Do., 28.09.2023 , 08:54 Uhr

Trend auch in Regensburg

Bayern: Bei Briefwahl zeichnen sich Rekordwerte ab

Kurz vor der Landtagswahl in Bayern ist immer vom alles entscheidenden Wahlsonntag am 8. Oktober die Rede. Zehntausende Wähler haben ihre Entscheidung aber längst getroffen. Auch in Regensburg boomt die Briefwahl.

Kurz vor der bayerischen Landtagswahl zeichnen sich Rekordzahlen bei den Briefwählern ab. Deutlich mehr Menschen als bei der letzten Landtagswahl 2018 haben die Briefwahl beantragt, wie eine Umfrage der Deutschen Presse-Agentur unter den fünf größten Städten im Freistaat ergab.

Die Landeshauptstadt München hatte nach Angaben des zuständigen Kreisverwaltungsreferates 13 Tage vor der Wahl 328 108 Briefwahlunterlagen ausgestellt und damit schon mehr als bei der letzten Landtagswahl 2018 insgesamt.

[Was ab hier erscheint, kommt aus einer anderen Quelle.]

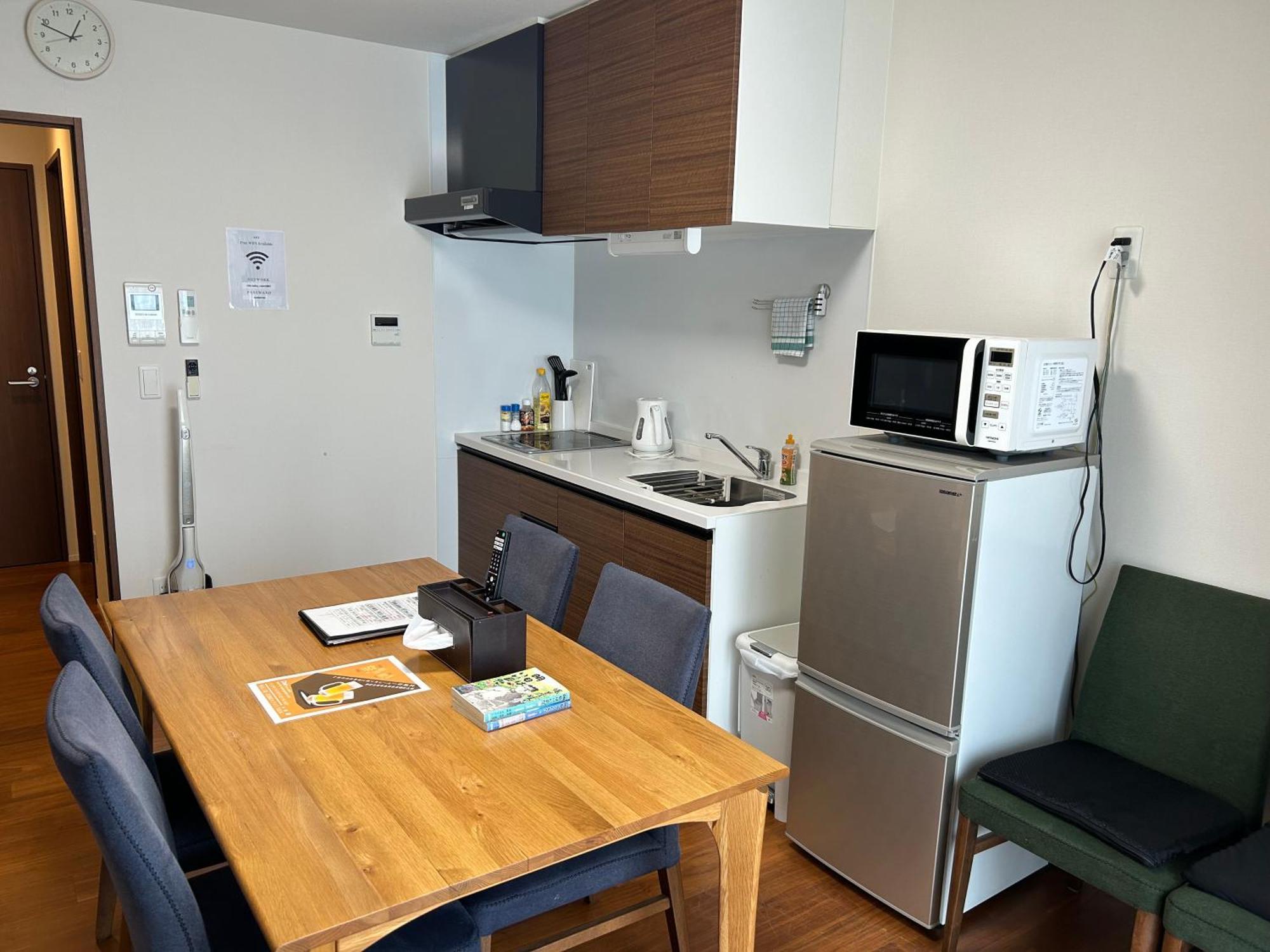 Shin-Imamiya Grand F Aparthotel Osaka Bagian luar foto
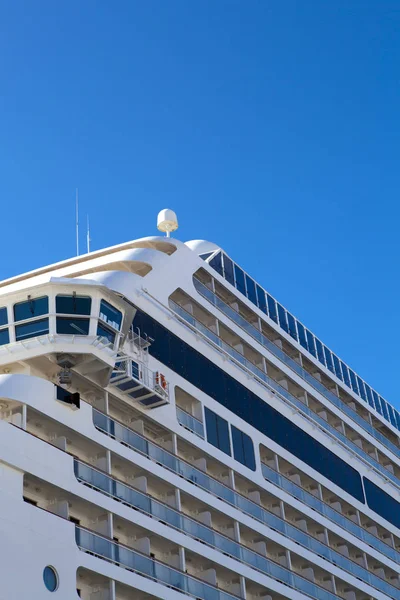 Boční úhel pohled na velké výletní lodi liniové — Stock fotografie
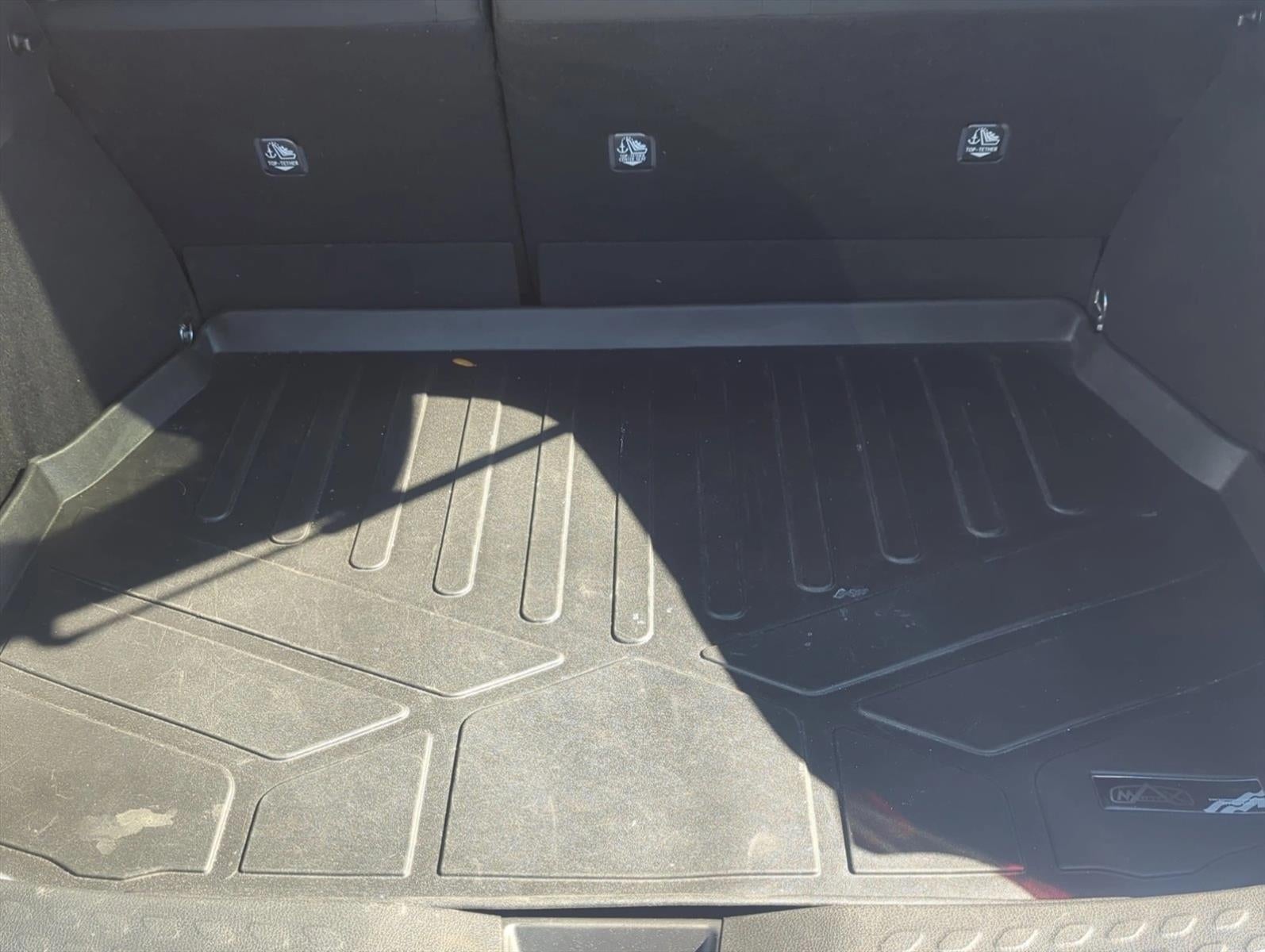 2019 Toyota C-HR XLE FWD (Natl)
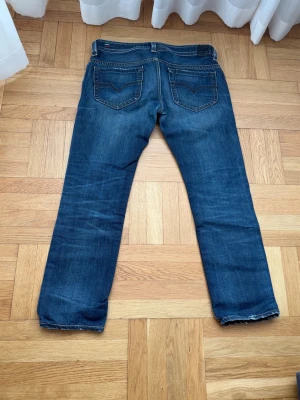 Diesel jeans  - Riktigt schyssta, raka diesel jeans. Jeansen är i bra skick förutom bak vid hälen där de dragits upp lite (sista bilden) nypris ca 3000kr. Storlek W 32 L 34 ( korta i längden, ungefär mellan 30 o 32 ) Bara höra av sig för med info! 
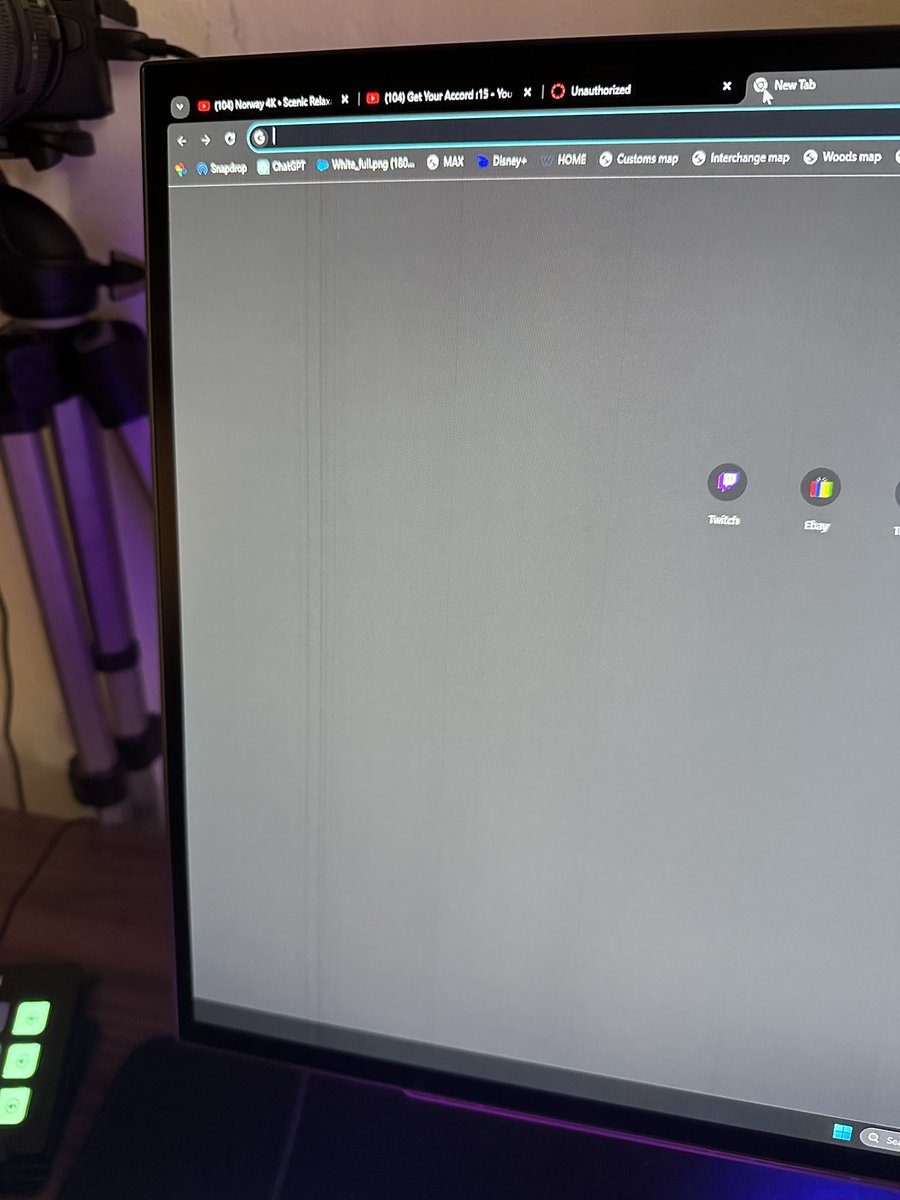cuzefn's tweet photo. New monitor already boofed outta the box 😭 https://t.co/6PjzHG4Izs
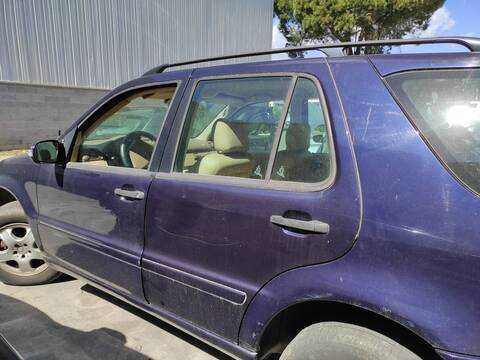 Puerta Trasera Izquierda Mercedes Clase ML 230 612963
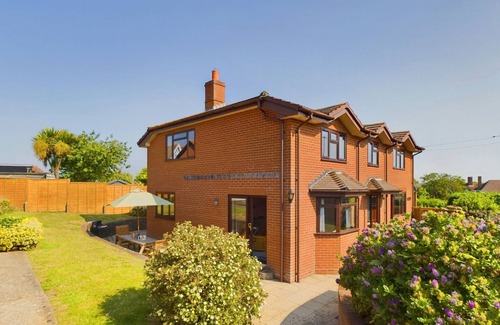 Totland Bay Ski Chalet | Dartmouth House - Bayside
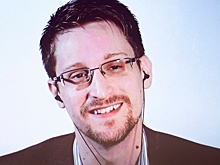 «Он будет с нами»: адвокат рассказал о процессе получения гражданства РФ для Сноудена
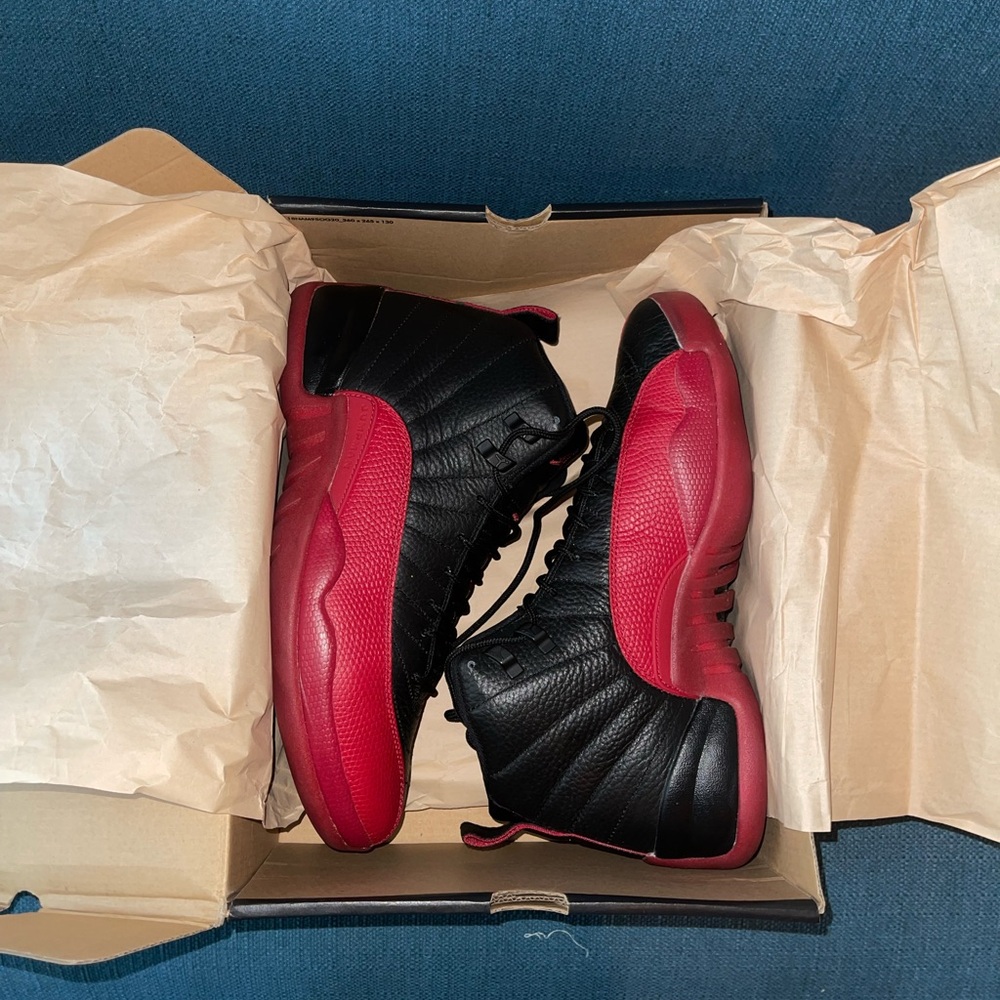 Jordan retro 12 flu games size 12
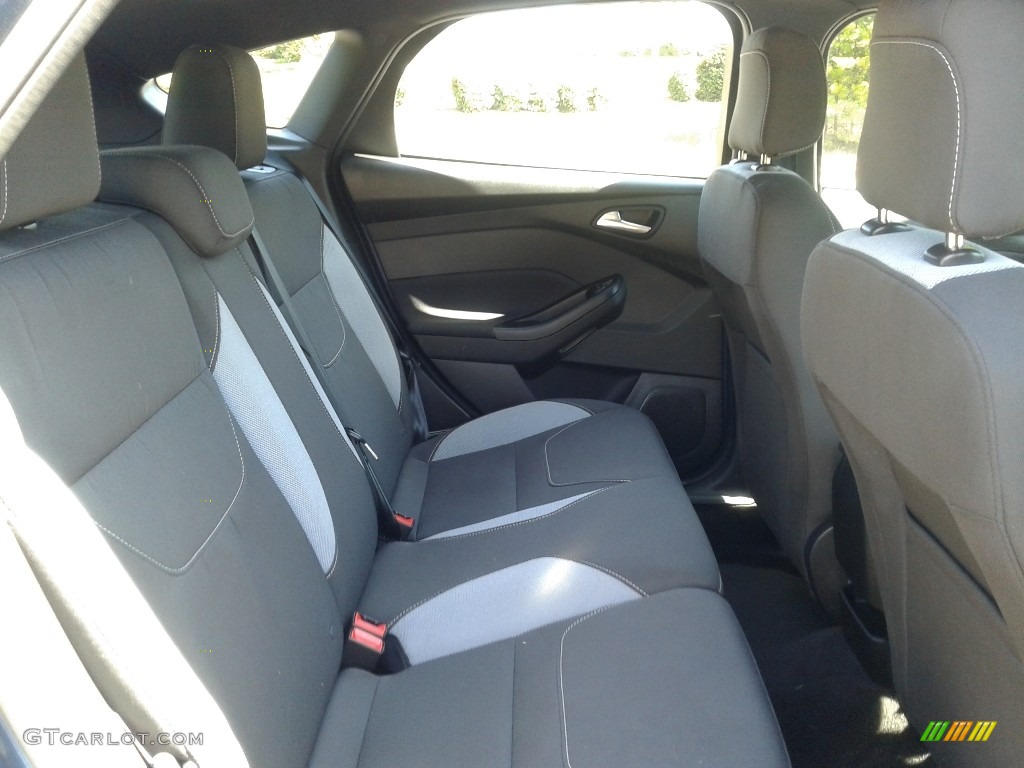 2018 Focus ST Hatch - Blue Metallic / Charcoal Black photo #13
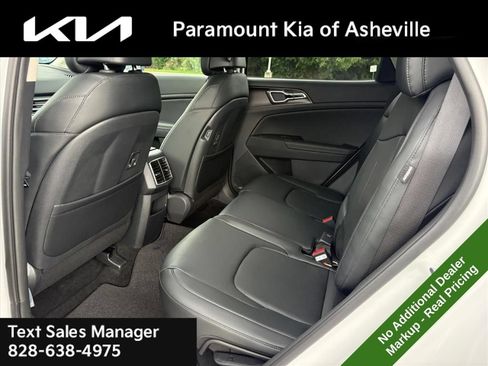 New 2026 Kia Sportage EX FWD image 23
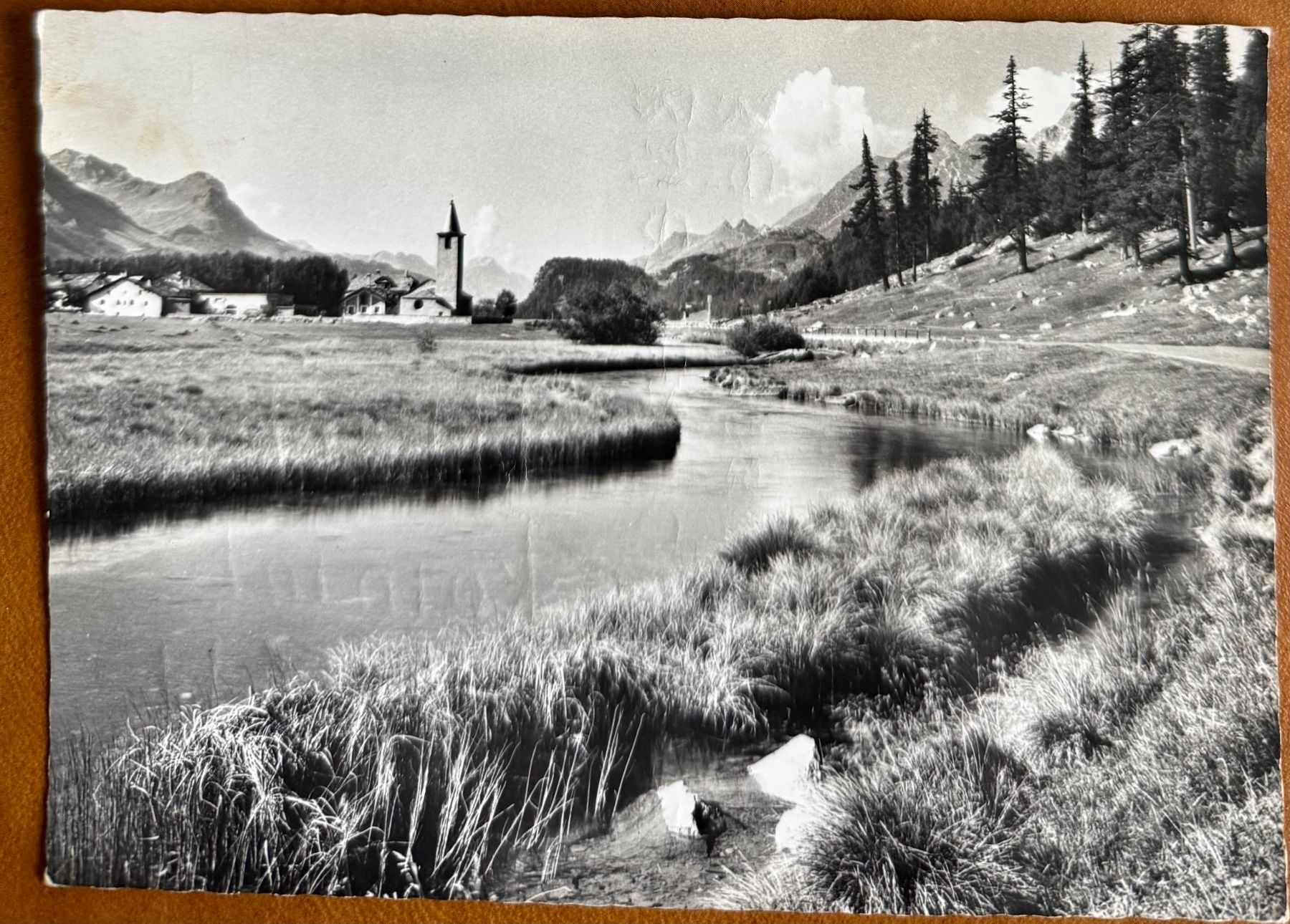 Cartoline postali: AK: Sils - Baselgia - Am Inn Kirchlein – Usato da Lutry venduto da Ediego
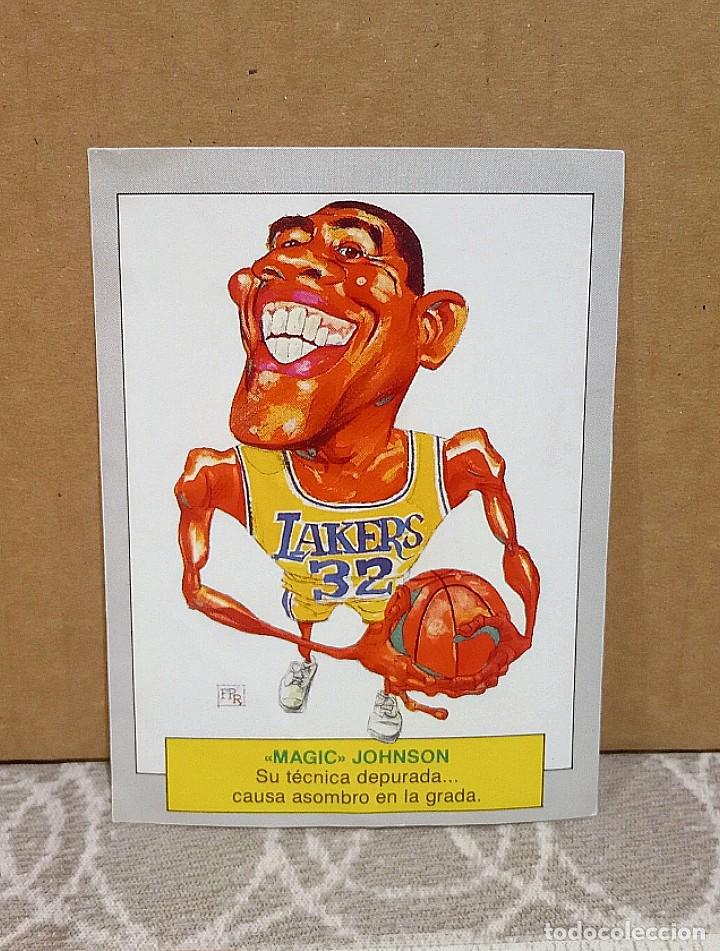 Coleccionismo deportivo: CROMO CARD PEGATINA STICKER KARIKATAS Y CHISTORRETAS 1990 MAGIC JOHNSON #33 EDICIONES ESTE ESPA&Ntilde;A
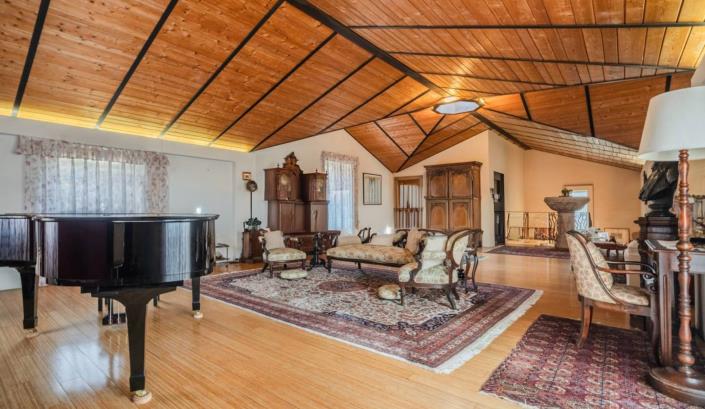 Image No.39-5 Bed Villa for sale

Damals wurden insgesamt 301 737 Wahlscheine mit Briefwahlunterlagen ausgestellt.

In Nürnberg hatten zum gleichen Zeitpunkt mehr als 100 000 Stimmberechtigte Wahlscheine für die Briefwahl beantragt. Bei der Landtagswahl 2018 gaben insgesamt 77 736 Wählerinnen und Wähler ihre Stimme per Brief ab. In Augsburg waren es heuer bereits mehr als 52 000 (2018 insgesamt 38 965), in Regensburg rund 36 000 (2018 insgesamt 28 711) und in Ingolstadt 30 100 (2018 insgesamt 23 700). «Sicherlich folgen bis zum Wahltag weitere Anträge», sagte eine Sprecherin der Stadt Nürnberg.

Seit Jahren wächst der Anteil der Briefwählerinnen und Briefwähler stark. 2018 lag er hierzulande mit 38,9 Prozent so hoch wie nie zuvor. Und Experten wie Parteien rechneten schon vor Beginn der Briefwahl fest damit, dass die Wahl am 8. Oktober einen Rekordwert an Briefwählern liefern wird. Insgesamt sind diesmal rund 9,4 Millionen Wahlberechtigte zur Stimmabgabe aufgerufen.

Seit 1958 ist in Bayern die Briefwahl möglich, damals machten jedoch nur 96 112 Menschen davon Gebrauch. Es durfte aber auch nur derjenige per Brief wählen, der sich «am Wahltag aus wichtigem Grund» außerhalb seines Wahlkreises aufhielt. Dazu zählte ein Urlaub ebenso wie Arbeit, Krankheit oder Freiheitsentziehung, also ein Gefängnisaufenthalt. Zum Vergleich: 2003 waren es bereits mehr als 1,2 Millionen Menschen, und vor fünf Jahren dann schon fast 40 Prozent.